The money that adolescents received, to a great extent, was from their parents. As the grade level increased, the proportion of boys and girls who had money from jobs outside the home increased, whereas the proportion who had money from parents for work done decreased. The average weekly incomes for all South Carolina boys and girls ranged from $.95 to $3.92.

Complete freedom in disposition of their money was reported by over half of the South Carolina youth studied. No freedom in use of their money was reported by less than one-fourth, in any age-sex classification.

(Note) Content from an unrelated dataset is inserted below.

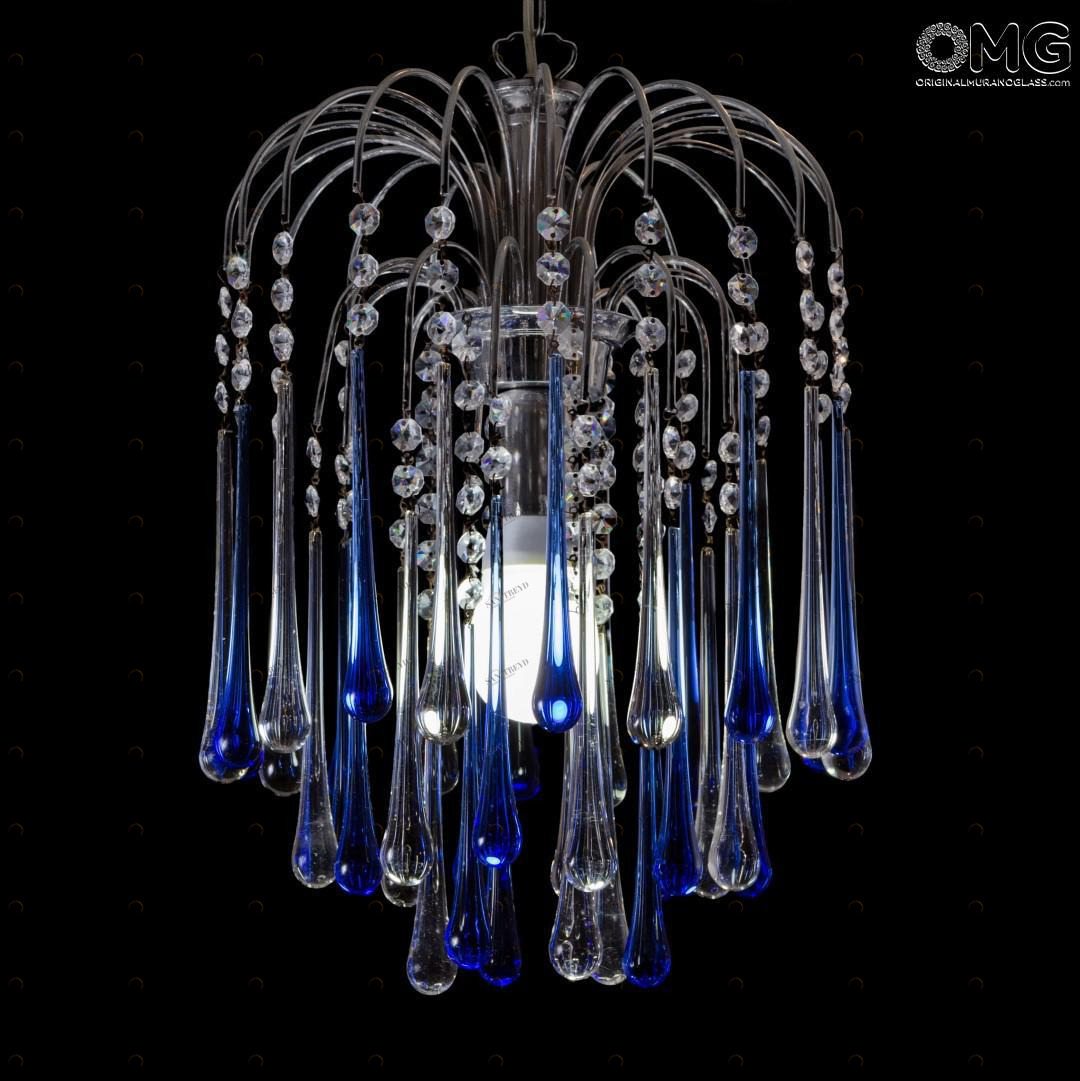 2314 ORIGINALMURANOGLASS Люстра Падение капель синяя из муранского стекла OMG  см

Boys tended to have more freedom than girls in the use of their money.

The main items for which the respondents spent their money, in decreasing order of importance based on the proportion of students who used money for these purposes, were: (1) snacks, (2) school lunches, (3) recreation, (4) savings, (5-6) clothing and school supplies.

There was a large group (from one-third to one-half of each age-sex classification) of students who had money saved; and the more informal methods of saving were preferred over the use of banks or savings and loan associations or buying savings stamps or bonds.

The use of charge accounts by the students in the sample was not the usual thing, but it was by no means uncommon. The girls were more apt to buy on lay-away than were the boys.

There was, in general, an improvement in the shopping practices and money management programs of both the boys and the girls (1) as they progressed in school; (2) when they had studied the handling of money; (3) when they had been on a strict allowance; and (4) when their parents had a careful plan for the use of money.